The most popular malicious program spread by email in the first quarter of the year. This malicious program is designed to look like an HTML page used as a registration form for online banking services. It is used by phishers to steal financial information.

In second and seventh places came the Net-Worm.Win32.Aspxor worms. These net worms are designed to spread spam. They automatically infect sites, load and run other programs, and collect valuable information stored on the computer such as passwords and other data to access email and FTP accounts.

Email-Worm.Win32.Bagle.gt, a long-time resident of the Top 10, came third. The main functionality of any worm is to harvest email addresses found on an infected computer. The Bagle worm can also accept remote commands to download malicious files from the Internet without the user's knowledge.

Fourth and eighth places were occupied by Fareit family Trojans, which were most actively distributed in January. These programs were designed to steal user logins and passwords, launch DDoS attacks and download and run random software. The two samples from our rating could download and run Zbot Trojans. In addition, Fareit Trojans can steal Bitcoin wallets as well as other crypto-currency wallets (about 30 in total)
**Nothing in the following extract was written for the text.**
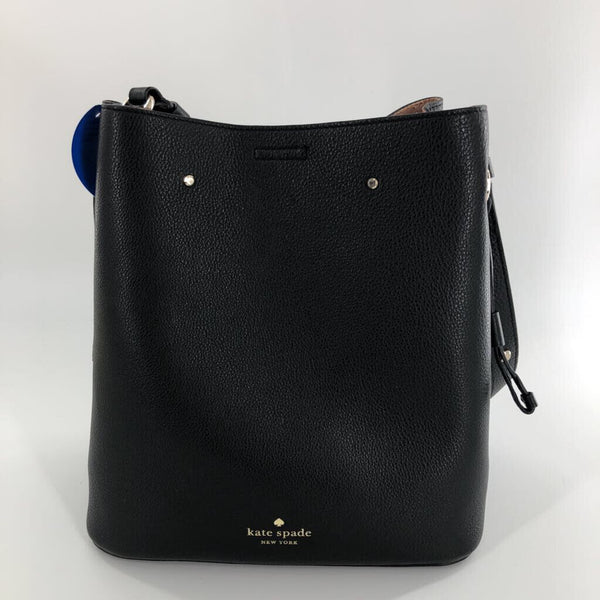 bucket shoulder bag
Trojan.Win32.Bublik.bwbx is in fifth. This program downloads other malware, specifically the Zbot family of Trojans, onto the victim computer.

Backdoor.Win32.Androm.bngy came sixth. The Andromeda family of malware consists of backdoors that allow cybercriminals to secretly control a compromised computer. Machines infected by these programs often become parts of botnets.

Email-Worm.Win32.Mydoom.l, a well-known mail worm, was ninth in the rating.

The Top 10 for Q1 was completed by a notorious Trojan from the Zbot family. Zbot is a family of Trojans that steal confidential user information. It can also install CryptoLocker , a malicious program that demands money to decrypt user data.